Major changes set to shake up Estonian mobile-phone market

  • 2004-11-01
  • By Aleksei Gunter
TALLINN - Estonia's mobile telecommunication industry welcomed the arrival of a new player with the official launch of Bravocom on Nov.1. While it can't possibly hope to compete with market leaders EMT and Tele2, Bravocom is aiming to win a share of this lucrative market by offering fixed contract options that will see customers paying only for the services they use.

It took Bravocom some 100 million kroons (6.4 million euros) to launch operations. The Tallinn-based, Estonian-owned company rents its network towers from Radiolinja mobile-telecommunication company but issues its own SIM-cards and phone numbers, and has its own customer support operations.

Unlike the other major players in Estonia, Bravocom does not sell mobile phones, although it may consider doing so in the future. At the moment the company offers a prepaid GSM card and a contract service under one trademark.

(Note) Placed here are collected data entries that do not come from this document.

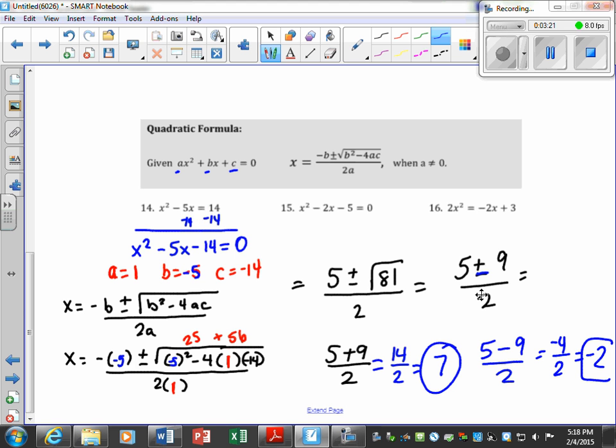Once we get to this point, we break it apart — one time using the plus, one time using the minus.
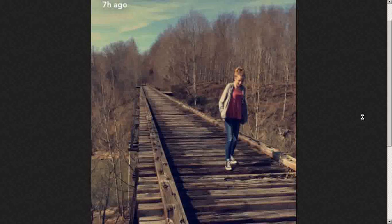The video you're watching will concern this image and another one that were compared to each other in someone else's video. I'm going to do the same thing, but I'm going to explain some of the background that you need to know before doing this sort of thing.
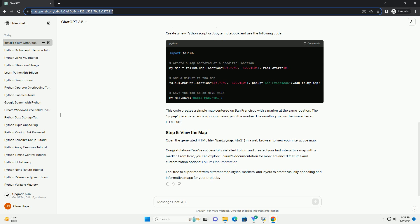Congratulations! You've successfully installed Folium and created your first interactive map with a marker. From here, you can explore Folium's documentation for more advanced features and customization options. Feel free to experiment with different map styles, markers, and layers to create visually appealing and informative maps for your projects.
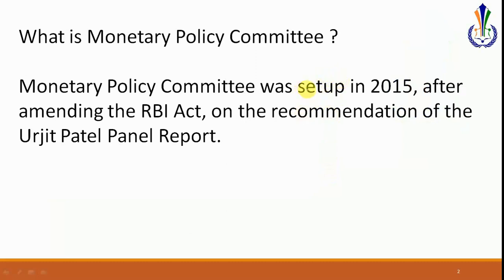In the previous video, we had discussed that there is a twin function of monetary policy. One is to regulate inflation and second is to ensure growth. Often what was seen was that the RBI, the central bank, always faced the tussle in choosing whether to go in for promoting growth or controlling inflation. This resulted in a push and pull situation between the RBI and the central government or the finance ministry.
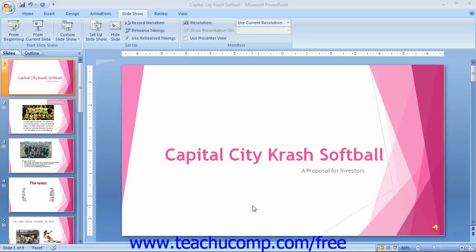You can also record a narration to accompany your presentation if you have an external microphone attached to your computer. When recording the narration, you view the slides as you would in slideshow view and record your narration over the slides as you advance through your presentation.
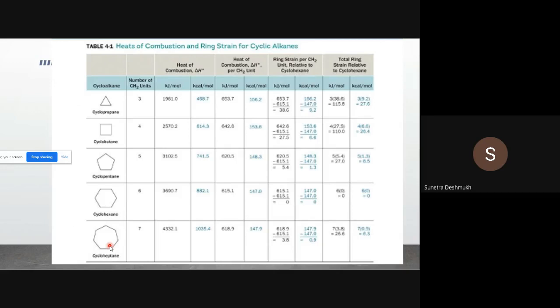As we increase the number of CH₂ groups from cyclopropane to cycloheptane, the heat of combustion increases. The heat of combustion per CH₂ unit tells us how much heat each CH₂ unit releases. The last column shows total ring strain relative to cyclohexane. Cyclohexane's total ring strain is zero, so it serves as our reference standard.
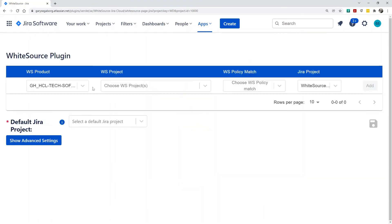If needed, you can always go back to WhiteSource and copy it again. Once activated, we're now ready to configure the integration.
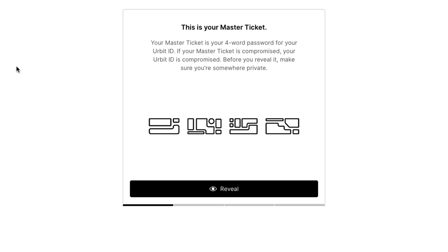Okay, so here it's gonna give you your master ticket, which is basically Urbit speak for your main password. So treat this with the utmost care. If you use MetaMask or you're familiar with crypto, treat it like your wallet seed phrase, the thing that you control that really represents your hard ownership of the asset. In this case, the asset of your Urbit planet.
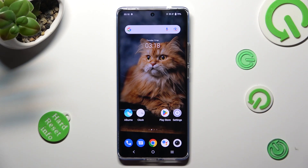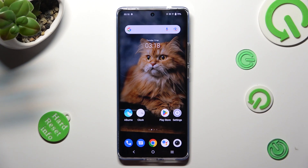Hi, in front of me is Vivo X90 Pro and today I would like to show you how you can operate App Cloner on this device.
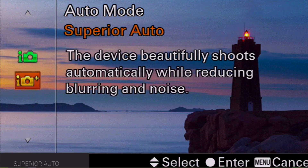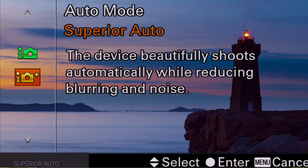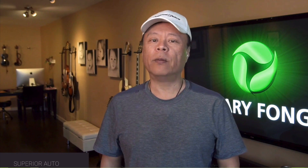Superior auto mode. You may have noticed when switching to auto mode there are two modes to choose from: intelligent auto and superior auto. Intelligent auto is best suited for daylight shooting environments or moving subjects, whereas superior auto is designed to take a rapid burst of images and then composite them together into one image for the best result.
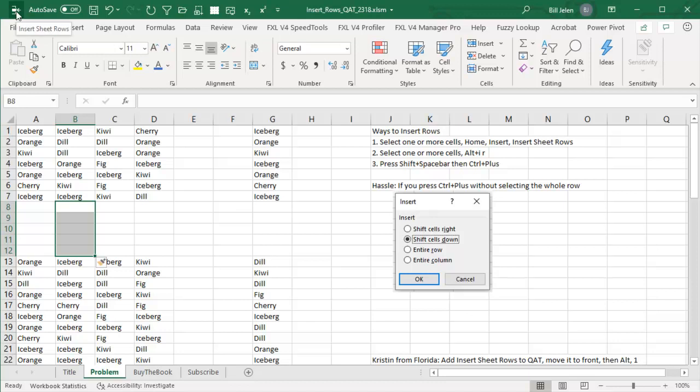Thanks to Kristen in Florida for this cool little trick — Insert Sheet Rows on the Quick Access Toolbar. I'm sure you have your favorite icons in the Quick Access Toolbar. Leave me a comment down in the YouTube comments below. Let me know what icons you've added, and note if you've moved anything into those first nine so you can use keyboard shortcuts for them.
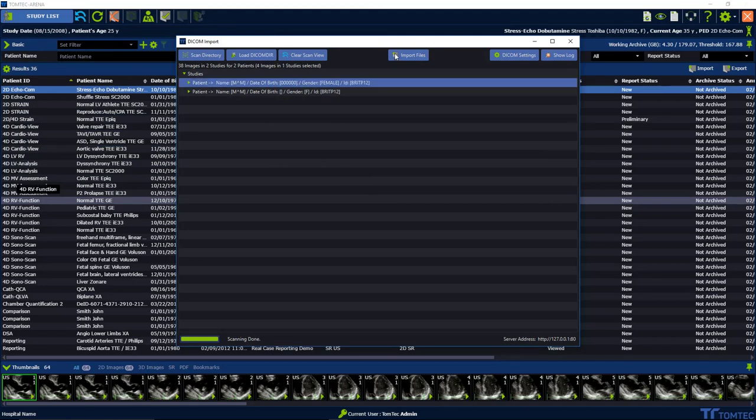Then click importing files. The application recognizes if the study is already imported and will give you a warning.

Bravocom's arrival on the scene comes just two months before another major change is due to drastically shake up the telecommunication market. As of next year, Estonian mobile phone users will be able to change phone operators while keeping their old numbers, something that could radically alter what is presently a cozy state of affairs.

"Despite the fact that from the beginning of the new year clients will be able to change their operators without changing their numbers, we believe there is still a certain demand for new and simple numbers," said Peep Poldsamm, Bravocom's CEO.

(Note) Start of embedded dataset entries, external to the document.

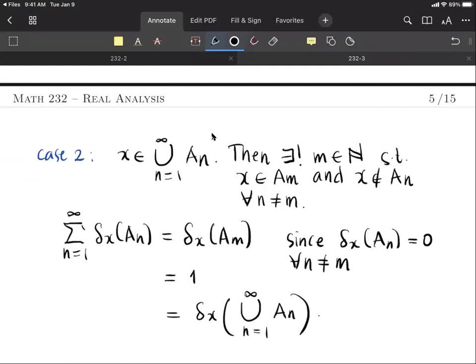So indeed, the triple (X, the semi-ring H, delta_x) is a pre-measure space. Since delta_x takes only the values zero or one, it is obviously finite. In the succeeding discussions we will provide further properties of contents and pre-measures, and from this we will construct the so-called measure spaces.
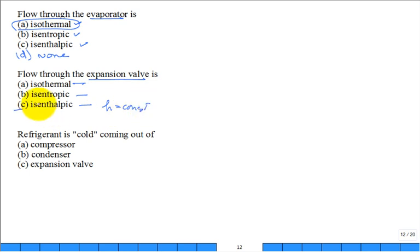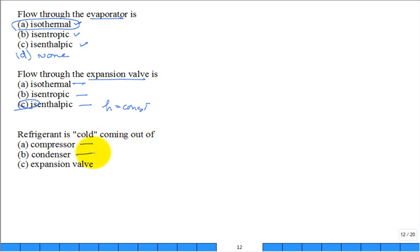Flow through the expansion valve is isenthalpic — constant enthalpy.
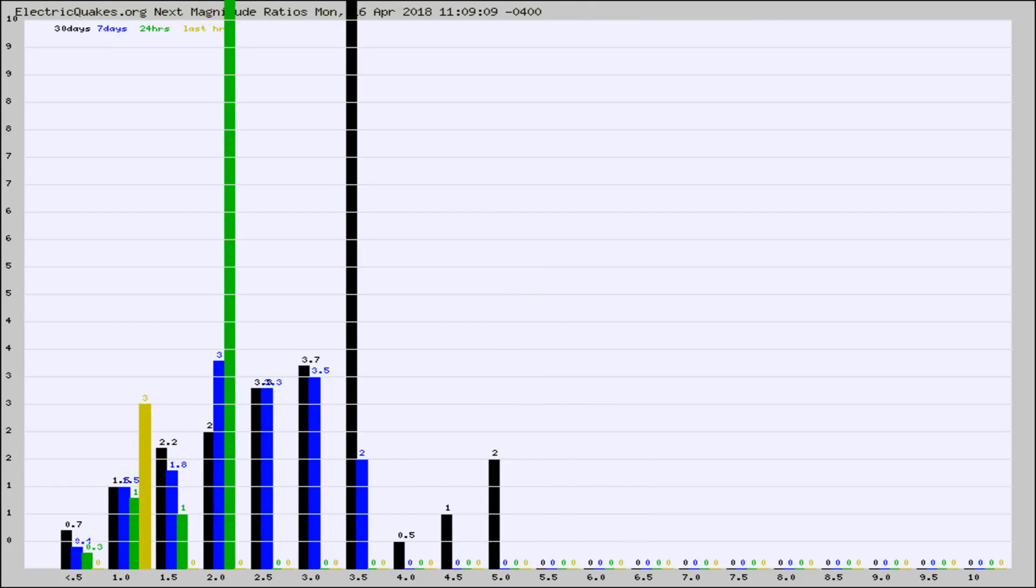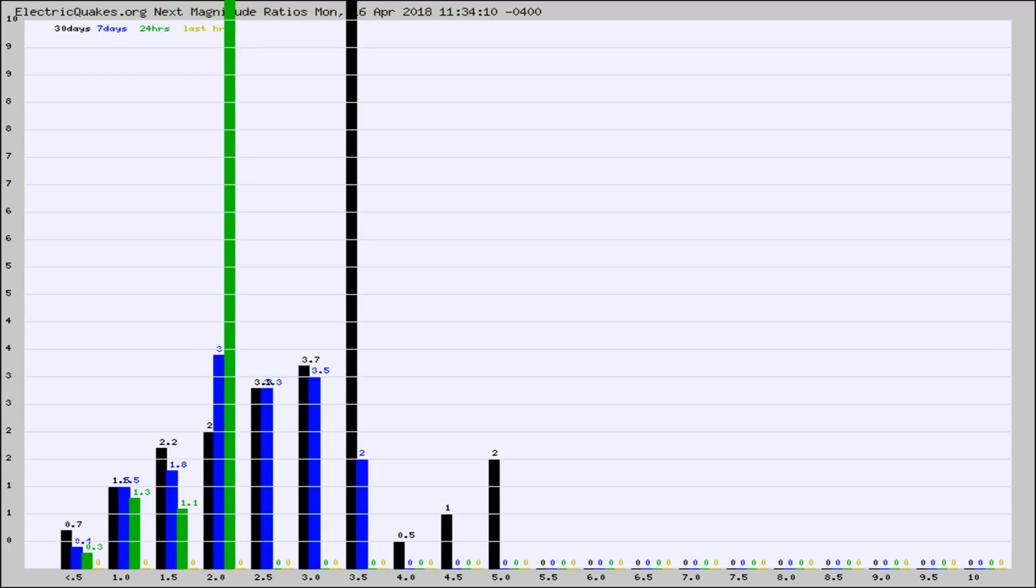And now you're seeing the same thing for just the subset area in California. Again, the black column is 30 days, blue is 7, green is 24 hours, and gold is in the last hour.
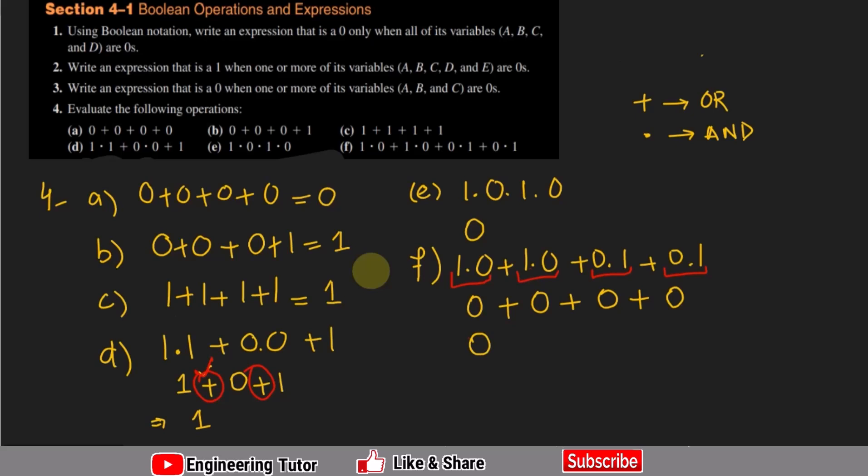That is the answer to question 4. We have seen how easy it is to evaluate expressions written in boolean operator form. Thank you so much, and I will see you with more questions in our upcoming video.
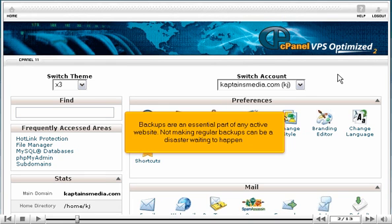Backups are an essential part of any active website. Not making regular backups can be a disaster waiting to happen.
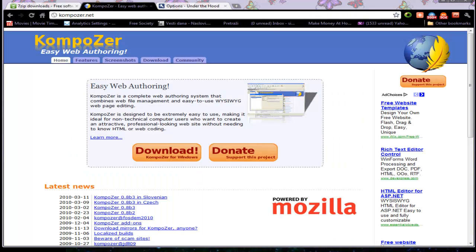We are going to download and install one more program. It will be Composer. We need Composer to create our web pages.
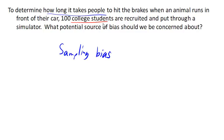College students are probably going to have a quicker reaction time than some other Americans, such as senior citizens. And so this sample is probably not representative of the population and is probably going to skew those results.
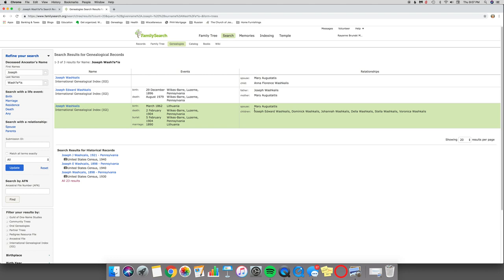So hopefully this gave you an idea of a couple of ways to search records on FamilySearch and also the genealogies. Thanks for watching and have a great day.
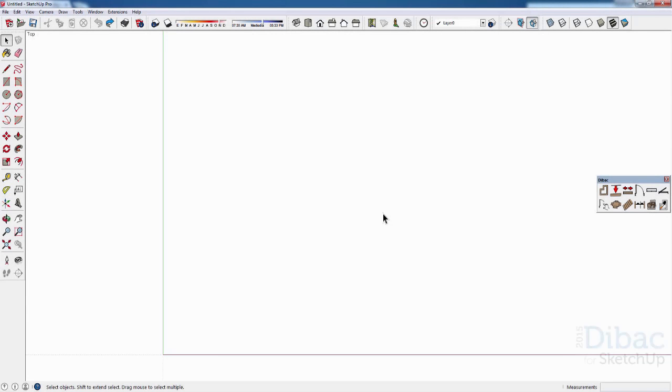Hello and welcome to the first tutorial of Dibac for SketchUp. In this tutorial I will show you how to create walls in a very quick and easy way. Let's start.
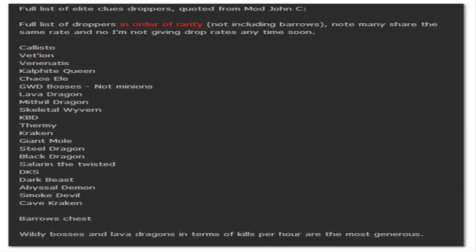All right guys, the elite clues and all the new drops and stuff are coming out tomorrow, so I figured I'd show you guys a few things that will be useful if you're planning on camping for getting elites or anything like that.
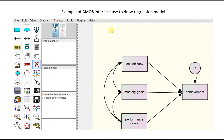This is an example of the AMOS interface, just to show what it looks like when drawing up this particular model.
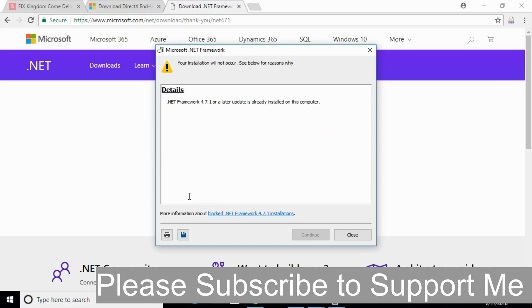In my case, the .NET Framework 4.7.1 or later update is already installed on my computer. In your case, you might have to click continue to install the latest .NET Framework, and it will start downloading and installing the framework automatically.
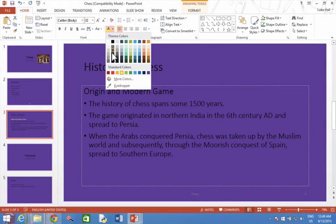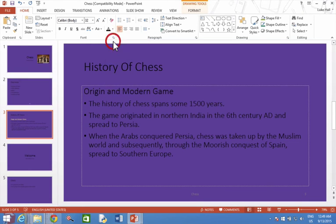These ones that look like black might actually be something different. This one is black but it is lighter by 15% — that's news to me. There we go.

According to Poldsamm, Estonia may witness over a dozen new virtual and service mobile telecommunication operators in the near future. The Finnish service operator Saunalahti has recently found a network solution that allows it to operate in both Finland and Estonia, greatly boosting its sale of prepaid GSM-cards.

Before Nov.1 there were three operators covering the Estonian market of over 900,000 mobile- phone users. Judging by the number of SIM-cards that have been issued, the largest one, EMT, had up to a 47 percent market share while Tele2 and Radiolinja had about a 37 percent and 16 percent market share respectively, according to EMT.

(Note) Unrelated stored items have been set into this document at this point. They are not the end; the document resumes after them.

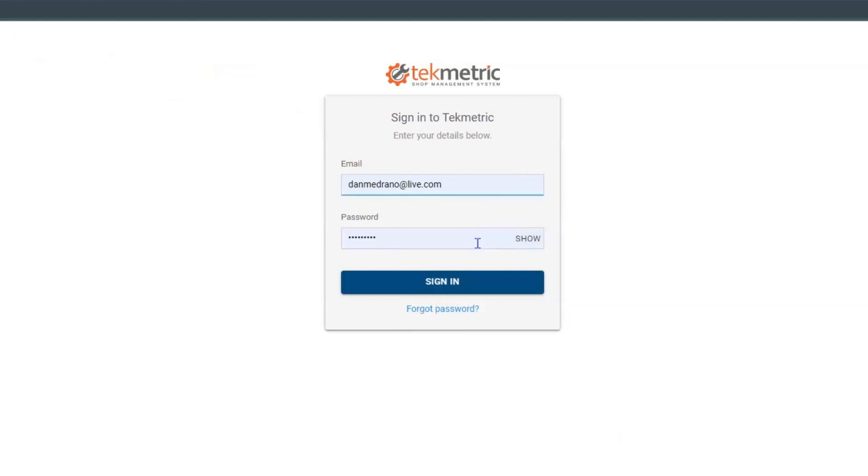Now, if you forget your password, you can select forgot password. It's going to send you an email and you can update your password there and then come back here and sign in.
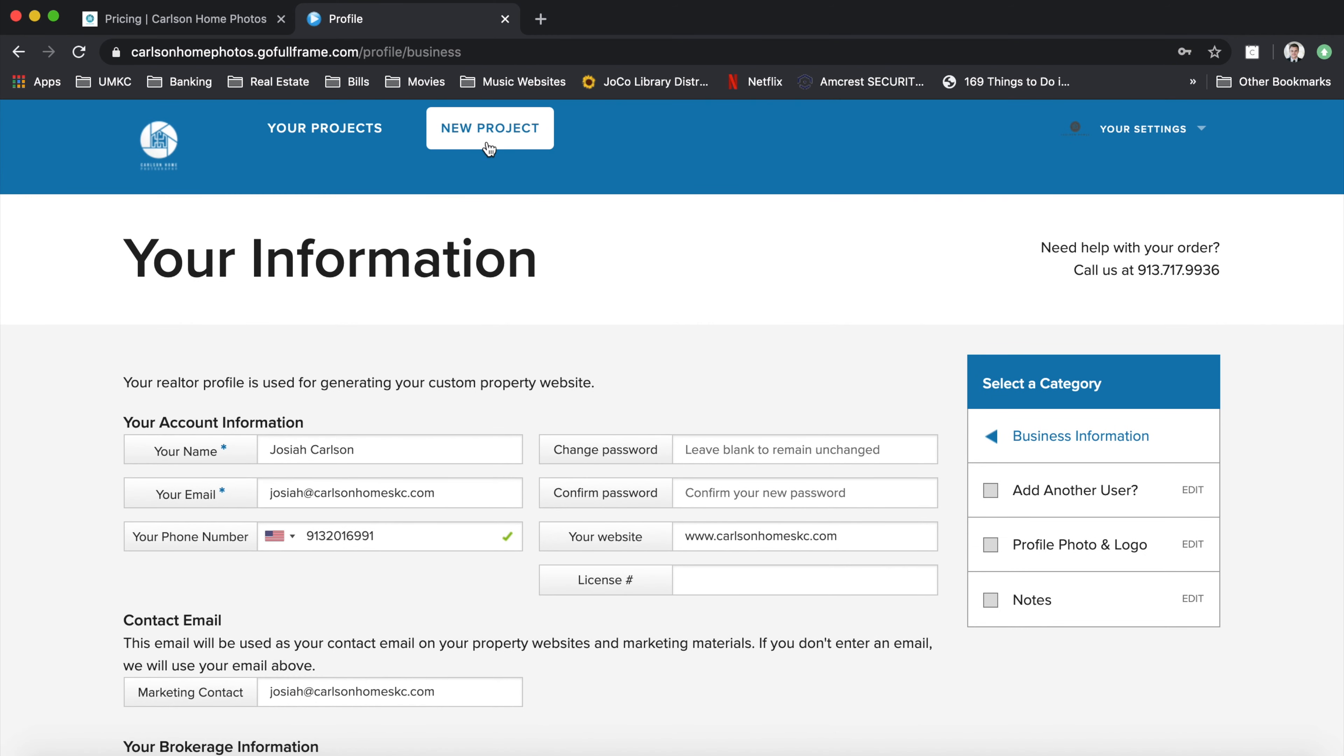You can scroll back up to new project and that's where you can input your project, the listing information. You can pick out your photo package and then once you reach the add-on section, you'll be able to find the virtual twilight photos section where it will have it marked free for you.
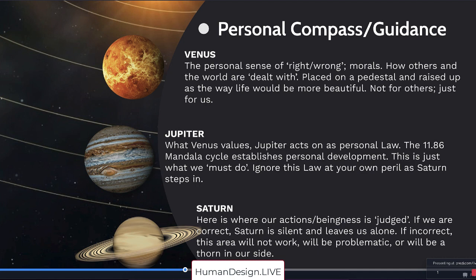Saturn will act up in your design and you cannot ignore the problems that Saturn brings. So Saturn is here where our actions and beingness is judged. If we are correct, Saturn is silent and leaves us alone. If incorrect, this area will not work. It will be problematic or it will be a thorn in our side. Saturn literally standing for the bones and aging and calcification, remember.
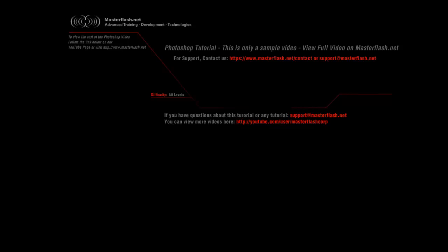This Photoshop tutorial is only a sample video showing you bits and pieces of the entire tutorial that you can locate on masterflash.net, where you can find source files and the entire tutorial.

A spokesperson for EMT, however, said that the company was not worried about the new operator's appearance, as it was neither offering new services nor attempting to win over new clients with drastically low prices.

Bravocom is offering about 10,000 original numbers starting with the digits 545. The company is also offering fixed contracts that ensure clients only have to pay for whatever services they use without the additional cost of line rental.

In neighboring Finland, some 1 million people, or 25 percent of cell-phone users, reportedly changed their operators as a result of the introduction, which will soon be introduced in Estonia. Analysts are predicting that up to 180,000 Estonian residents will change their mobile network operator at the beginning of 2005.

All four operators in the country have stated that they hope to lure new clients during the network change, and everyone accepts that a price war will continue for some time. Meanwhile, the three established operators recently introduced special contract options for business clients that have seen call costs cut by several times the regular price.

Analysts are also predicting that Estonia's mobile telecommunication company profit margins will fall over the next few years due to the increase in competition. One such example of this trend can be seen with market leader EMT's ARPU (Average Revenue Per User) rate, which has decreased from 423 kroons (27 euros) to 378 kroons since last September. Needless to say, all of this will come as music to the ears of Estonia's ardent mobile phone users.